■ EXERCISE ■
Return every line of the records that includes the string "Waterproof".

Caption-style text data
----------
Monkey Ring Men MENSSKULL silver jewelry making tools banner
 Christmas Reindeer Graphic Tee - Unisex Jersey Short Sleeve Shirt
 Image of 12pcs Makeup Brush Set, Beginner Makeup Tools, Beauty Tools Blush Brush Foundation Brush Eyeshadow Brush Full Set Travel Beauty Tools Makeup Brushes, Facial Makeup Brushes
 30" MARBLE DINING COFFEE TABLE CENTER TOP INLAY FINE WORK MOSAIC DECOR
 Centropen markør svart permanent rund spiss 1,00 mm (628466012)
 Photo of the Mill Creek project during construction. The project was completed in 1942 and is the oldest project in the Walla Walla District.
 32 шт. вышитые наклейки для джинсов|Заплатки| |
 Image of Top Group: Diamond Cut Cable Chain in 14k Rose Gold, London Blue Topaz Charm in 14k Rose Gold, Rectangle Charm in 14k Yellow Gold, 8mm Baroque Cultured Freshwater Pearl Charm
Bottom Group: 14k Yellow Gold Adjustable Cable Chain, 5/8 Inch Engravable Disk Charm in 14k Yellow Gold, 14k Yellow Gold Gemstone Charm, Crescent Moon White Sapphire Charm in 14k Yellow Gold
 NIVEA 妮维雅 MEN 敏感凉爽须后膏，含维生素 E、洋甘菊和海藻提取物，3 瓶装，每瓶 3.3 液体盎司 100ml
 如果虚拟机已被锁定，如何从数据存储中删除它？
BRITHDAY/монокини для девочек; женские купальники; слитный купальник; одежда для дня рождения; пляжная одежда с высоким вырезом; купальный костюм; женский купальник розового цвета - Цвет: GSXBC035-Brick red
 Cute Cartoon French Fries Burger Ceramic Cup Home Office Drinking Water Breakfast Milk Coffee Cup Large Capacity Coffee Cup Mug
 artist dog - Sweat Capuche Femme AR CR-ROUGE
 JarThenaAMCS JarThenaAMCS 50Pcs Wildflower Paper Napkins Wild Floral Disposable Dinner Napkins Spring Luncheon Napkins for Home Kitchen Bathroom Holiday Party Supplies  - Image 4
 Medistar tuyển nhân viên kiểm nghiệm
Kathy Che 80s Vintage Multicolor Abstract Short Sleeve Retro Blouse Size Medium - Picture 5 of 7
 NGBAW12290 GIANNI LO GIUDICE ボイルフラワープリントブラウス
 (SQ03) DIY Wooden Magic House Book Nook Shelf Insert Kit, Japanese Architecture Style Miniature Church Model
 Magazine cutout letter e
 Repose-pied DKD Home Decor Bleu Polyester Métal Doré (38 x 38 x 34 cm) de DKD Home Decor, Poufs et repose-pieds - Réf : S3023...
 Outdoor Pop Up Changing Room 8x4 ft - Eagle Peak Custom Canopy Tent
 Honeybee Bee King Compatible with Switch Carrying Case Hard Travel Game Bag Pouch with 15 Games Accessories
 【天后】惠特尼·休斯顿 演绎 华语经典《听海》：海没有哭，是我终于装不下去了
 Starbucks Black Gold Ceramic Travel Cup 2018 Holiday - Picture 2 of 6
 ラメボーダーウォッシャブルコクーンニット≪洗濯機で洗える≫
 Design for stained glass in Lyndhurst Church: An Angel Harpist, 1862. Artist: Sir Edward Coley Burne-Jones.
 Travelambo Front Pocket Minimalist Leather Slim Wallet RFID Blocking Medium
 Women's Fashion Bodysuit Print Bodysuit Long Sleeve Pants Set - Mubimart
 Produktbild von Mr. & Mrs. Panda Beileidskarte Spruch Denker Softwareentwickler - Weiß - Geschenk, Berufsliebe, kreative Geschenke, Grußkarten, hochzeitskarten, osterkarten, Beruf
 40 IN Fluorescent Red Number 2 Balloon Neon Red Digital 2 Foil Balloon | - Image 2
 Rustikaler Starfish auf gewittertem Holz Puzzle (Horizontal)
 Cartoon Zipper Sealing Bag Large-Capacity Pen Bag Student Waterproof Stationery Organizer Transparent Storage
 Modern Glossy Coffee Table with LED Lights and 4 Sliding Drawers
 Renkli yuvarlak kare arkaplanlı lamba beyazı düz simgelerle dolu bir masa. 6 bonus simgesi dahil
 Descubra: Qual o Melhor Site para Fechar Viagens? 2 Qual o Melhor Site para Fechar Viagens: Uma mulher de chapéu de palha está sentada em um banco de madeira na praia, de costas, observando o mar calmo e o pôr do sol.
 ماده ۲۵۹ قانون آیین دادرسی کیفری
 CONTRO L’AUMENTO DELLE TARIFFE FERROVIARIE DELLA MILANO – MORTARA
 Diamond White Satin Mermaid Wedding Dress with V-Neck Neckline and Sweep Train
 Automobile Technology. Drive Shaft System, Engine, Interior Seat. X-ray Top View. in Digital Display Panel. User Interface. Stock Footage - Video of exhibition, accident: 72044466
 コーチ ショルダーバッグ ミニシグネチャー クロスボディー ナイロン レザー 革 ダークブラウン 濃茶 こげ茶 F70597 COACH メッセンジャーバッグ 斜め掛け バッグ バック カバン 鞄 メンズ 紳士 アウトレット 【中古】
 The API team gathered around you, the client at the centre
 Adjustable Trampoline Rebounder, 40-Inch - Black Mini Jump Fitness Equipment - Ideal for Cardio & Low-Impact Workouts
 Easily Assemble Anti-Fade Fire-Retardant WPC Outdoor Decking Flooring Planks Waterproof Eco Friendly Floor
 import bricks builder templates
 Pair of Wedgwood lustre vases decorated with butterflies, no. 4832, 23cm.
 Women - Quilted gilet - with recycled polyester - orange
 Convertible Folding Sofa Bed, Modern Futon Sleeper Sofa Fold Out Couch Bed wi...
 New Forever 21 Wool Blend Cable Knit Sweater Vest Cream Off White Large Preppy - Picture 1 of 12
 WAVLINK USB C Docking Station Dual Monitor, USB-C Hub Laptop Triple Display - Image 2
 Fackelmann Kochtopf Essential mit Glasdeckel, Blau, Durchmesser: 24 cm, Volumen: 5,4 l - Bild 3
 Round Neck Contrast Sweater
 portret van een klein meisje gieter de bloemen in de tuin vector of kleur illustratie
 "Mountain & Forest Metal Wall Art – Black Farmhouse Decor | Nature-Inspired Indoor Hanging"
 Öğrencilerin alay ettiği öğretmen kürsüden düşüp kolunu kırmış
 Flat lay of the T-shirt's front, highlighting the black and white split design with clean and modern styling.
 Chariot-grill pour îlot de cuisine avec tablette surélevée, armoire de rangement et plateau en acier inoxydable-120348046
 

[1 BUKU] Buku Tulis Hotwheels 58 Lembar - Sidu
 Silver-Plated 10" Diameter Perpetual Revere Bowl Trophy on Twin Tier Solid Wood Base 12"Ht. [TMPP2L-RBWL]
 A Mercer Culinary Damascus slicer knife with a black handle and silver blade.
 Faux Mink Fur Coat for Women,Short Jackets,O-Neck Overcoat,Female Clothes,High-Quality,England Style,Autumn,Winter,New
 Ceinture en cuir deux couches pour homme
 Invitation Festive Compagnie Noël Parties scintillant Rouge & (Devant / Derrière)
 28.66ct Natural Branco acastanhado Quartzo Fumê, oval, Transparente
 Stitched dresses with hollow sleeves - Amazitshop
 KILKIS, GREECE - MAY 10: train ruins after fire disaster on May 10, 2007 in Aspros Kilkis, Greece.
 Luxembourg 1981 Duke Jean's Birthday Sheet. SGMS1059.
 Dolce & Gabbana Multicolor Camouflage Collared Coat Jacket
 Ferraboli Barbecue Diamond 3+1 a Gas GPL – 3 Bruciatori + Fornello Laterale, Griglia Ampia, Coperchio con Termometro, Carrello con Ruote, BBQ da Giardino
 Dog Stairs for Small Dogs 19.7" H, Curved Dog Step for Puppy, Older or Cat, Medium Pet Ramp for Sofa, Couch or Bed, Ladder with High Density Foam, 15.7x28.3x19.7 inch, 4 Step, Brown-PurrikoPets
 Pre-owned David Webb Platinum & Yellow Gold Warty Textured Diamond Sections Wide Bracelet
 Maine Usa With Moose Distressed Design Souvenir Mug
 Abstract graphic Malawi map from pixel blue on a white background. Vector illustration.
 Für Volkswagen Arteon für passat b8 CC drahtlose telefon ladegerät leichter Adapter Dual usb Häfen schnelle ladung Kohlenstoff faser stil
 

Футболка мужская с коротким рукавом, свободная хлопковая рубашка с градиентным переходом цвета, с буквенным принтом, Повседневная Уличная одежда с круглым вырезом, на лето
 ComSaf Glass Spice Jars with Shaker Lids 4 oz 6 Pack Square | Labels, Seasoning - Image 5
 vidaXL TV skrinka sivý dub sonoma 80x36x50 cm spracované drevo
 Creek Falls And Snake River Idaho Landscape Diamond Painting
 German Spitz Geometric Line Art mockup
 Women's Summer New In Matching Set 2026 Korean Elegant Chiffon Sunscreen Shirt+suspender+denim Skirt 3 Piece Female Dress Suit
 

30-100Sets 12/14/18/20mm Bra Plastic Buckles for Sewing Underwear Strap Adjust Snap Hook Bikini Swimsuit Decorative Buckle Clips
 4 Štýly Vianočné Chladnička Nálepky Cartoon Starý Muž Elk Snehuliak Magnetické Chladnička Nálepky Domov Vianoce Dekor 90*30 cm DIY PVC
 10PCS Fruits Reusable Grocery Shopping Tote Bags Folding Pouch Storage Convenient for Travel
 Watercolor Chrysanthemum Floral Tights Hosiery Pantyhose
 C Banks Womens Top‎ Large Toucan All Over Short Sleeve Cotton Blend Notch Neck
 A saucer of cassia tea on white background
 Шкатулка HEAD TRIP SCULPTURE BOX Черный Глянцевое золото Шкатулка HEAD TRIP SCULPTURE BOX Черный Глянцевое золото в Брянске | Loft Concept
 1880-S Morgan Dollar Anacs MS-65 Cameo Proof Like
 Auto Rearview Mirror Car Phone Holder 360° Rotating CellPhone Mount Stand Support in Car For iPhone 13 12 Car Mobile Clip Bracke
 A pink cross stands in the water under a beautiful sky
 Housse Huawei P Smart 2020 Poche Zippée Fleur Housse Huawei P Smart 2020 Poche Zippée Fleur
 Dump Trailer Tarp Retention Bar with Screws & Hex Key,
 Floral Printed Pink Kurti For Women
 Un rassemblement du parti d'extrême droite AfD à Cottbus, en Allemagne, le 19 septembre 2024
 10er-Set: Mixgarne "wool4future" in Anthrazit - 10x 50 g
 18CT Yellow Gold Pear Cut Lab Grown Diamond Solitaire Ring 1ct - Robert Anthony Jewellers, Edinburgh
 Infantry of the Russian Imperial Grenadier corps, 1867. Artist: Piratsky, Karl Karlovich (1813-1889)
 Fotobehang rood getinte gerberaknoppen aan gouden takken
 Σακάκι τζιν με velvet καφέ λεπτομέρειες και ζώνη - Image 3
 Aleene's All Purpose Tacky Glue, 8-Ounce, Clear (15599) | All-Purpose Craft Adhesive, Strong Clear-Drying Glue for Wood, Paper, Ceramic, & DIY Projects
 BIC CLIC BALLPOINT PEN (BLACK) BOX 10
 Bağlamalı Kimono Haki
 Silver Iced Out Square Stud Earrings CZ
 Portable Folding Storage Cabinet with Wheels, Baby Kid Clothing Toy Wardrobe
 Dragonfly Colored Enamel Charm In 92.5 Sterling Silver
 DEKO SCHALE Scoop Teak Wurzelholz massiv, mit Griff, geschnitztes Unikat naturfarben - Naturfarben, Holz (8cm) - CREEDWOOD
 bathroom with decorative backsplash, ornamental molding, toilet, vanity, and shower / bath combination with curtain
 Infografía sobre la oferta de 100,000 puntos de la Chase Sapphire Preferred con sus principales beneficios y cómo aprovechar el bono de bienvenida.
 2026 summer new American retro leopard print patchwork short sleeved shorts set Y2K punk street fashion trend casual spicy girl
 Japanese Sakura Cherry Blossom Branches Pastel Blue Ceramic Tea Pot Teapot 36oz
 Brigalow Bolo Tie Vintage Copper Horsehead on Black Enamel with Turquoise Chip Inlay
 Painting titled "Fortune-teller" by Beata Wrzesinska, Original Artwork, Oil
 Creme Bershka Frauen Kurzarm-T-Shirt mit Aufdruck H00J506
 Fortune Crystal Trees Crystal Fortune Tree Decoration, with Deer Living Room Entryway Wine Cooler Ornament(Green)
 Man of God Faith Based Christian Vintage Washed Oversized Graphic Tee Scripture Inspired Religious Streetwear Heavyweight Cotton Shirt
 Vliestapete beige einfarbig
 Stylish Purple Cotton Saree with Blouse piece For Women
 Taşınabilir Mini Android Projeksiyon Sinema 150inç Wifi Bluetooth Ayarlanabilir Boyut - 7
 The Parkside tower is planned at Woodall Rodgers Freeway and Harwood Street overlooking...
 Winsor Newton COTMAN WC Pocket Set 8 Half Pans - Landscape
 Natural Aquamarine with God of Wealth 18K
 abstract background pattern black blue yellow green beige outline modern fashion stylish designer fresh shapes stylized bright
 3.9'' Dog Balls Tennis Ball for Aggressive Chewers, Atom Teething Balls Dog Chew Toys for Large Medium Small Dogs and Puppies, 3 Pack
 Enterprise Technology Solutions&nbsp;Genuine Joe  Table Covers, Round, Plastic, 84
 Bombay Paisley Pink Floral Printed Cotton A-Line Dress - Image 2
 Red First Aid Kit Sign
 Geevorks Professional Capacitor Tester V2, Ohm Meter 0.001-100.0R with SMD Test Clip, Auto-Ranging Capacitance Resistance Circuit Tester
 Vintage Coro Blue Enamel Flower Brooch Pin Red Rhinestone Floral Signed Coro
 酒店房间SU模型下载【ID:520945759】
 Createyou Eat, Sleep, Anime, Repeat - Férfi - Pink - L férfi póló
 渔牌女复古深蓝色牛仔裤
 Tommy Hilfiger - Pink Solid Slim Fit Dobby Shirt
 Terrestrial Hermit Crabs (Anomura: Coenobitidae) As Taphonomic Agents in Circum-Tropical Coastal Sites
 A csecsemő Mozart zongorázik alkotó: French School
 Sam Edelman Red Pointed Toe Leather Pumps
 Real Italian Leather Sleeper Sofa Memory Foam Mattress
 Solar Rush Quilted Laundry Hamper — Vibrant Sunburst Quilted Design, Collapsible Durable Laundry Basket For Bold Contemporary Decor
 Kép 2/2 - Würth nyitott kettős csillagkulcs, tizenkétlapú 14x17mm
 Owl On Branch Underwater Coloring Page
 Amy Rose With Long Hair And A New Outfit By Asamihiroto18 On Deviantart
----------
■ ANSWER TO THE EXERCISE ■
 Cartoon Zipper Sealing Bag Large-Capacity Pen Bag Student Waterproof Stationery Organizer Transparent Storage
 Easily Assemble Anti-Fade Fire-Retardant WPC Outdoor Decking Flooring Planks Waterproof Eco Friendly Floor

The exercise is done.